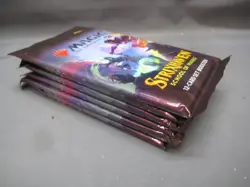 MAGIC THE GATHERING STRIXHAVEN SCHOOL OF MAGES 12 CARD SET BOOSTER LOT OF 10 c - Image 3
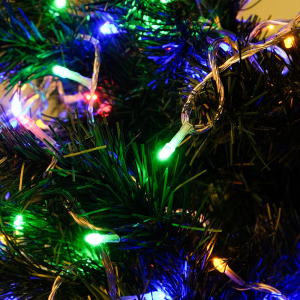 Гирлянда нить SH LIGHTS 120 LED музыкальная 12 м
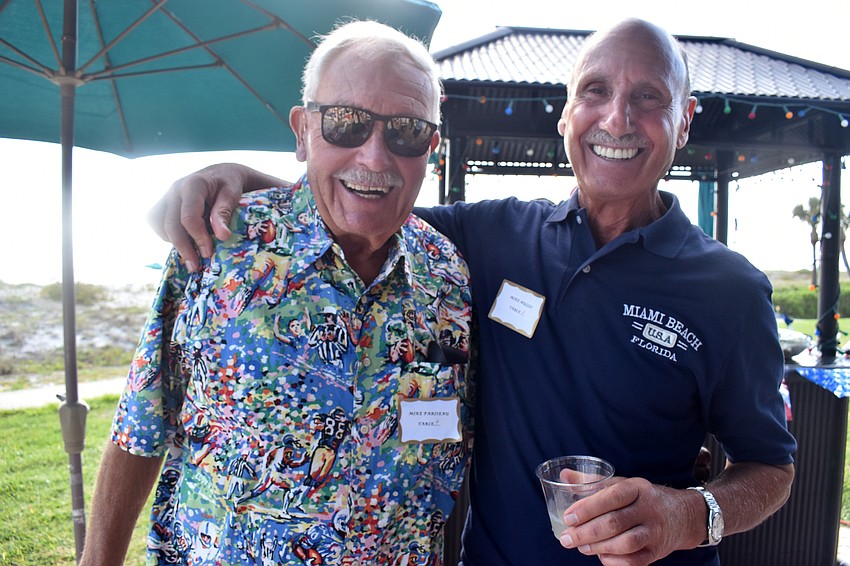 Mike Pariseau and Mike Nuzzo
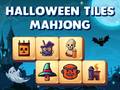 Xogo Mahjong de Halloween en liña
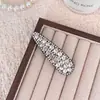 Estilo Coreano Sencillo Flequillo de Gota de Agua Pinza Superior Pinza para el Cabello Pinza Recta Pinza BB con Pedrería Accesorios para el Cabello Pinza Lateral Pasador Pinzas para Mujeres Adultas
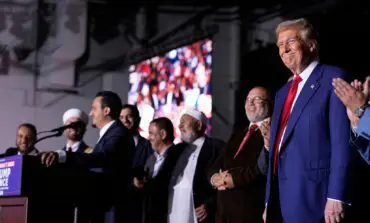 American Muslim imams urge President Trump to stop the war on Gaza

» ACTIVITY: When you output the entries, keep each line exactly as it is and leave out any pictures.

» SOLVED EXERCISE:
 MAGIC THE GATHERING STRIXHAVEN SCHOOL OF MAGES 12 CARD SET BOOSTER LOT OF 10 c - Image 3
 Гирлянда нить SH LIGHTS 120 LED музыкальная 12 м
 Mike Pariseau and Mike Nuzzo
 Xogo Mahjong de Halloween en liña
 Estilo Coreano Sencillo Flequillo de Gota de Agua Pinza Superior Pinza para el Cabello Pinza Recta Pinza BB con Pedrería Accesorios para el Cabello Pinza Lateral Pasador Pinzas para Mujeres Adultas
 American Muslim imams urge President Trump to stop the war on Gaza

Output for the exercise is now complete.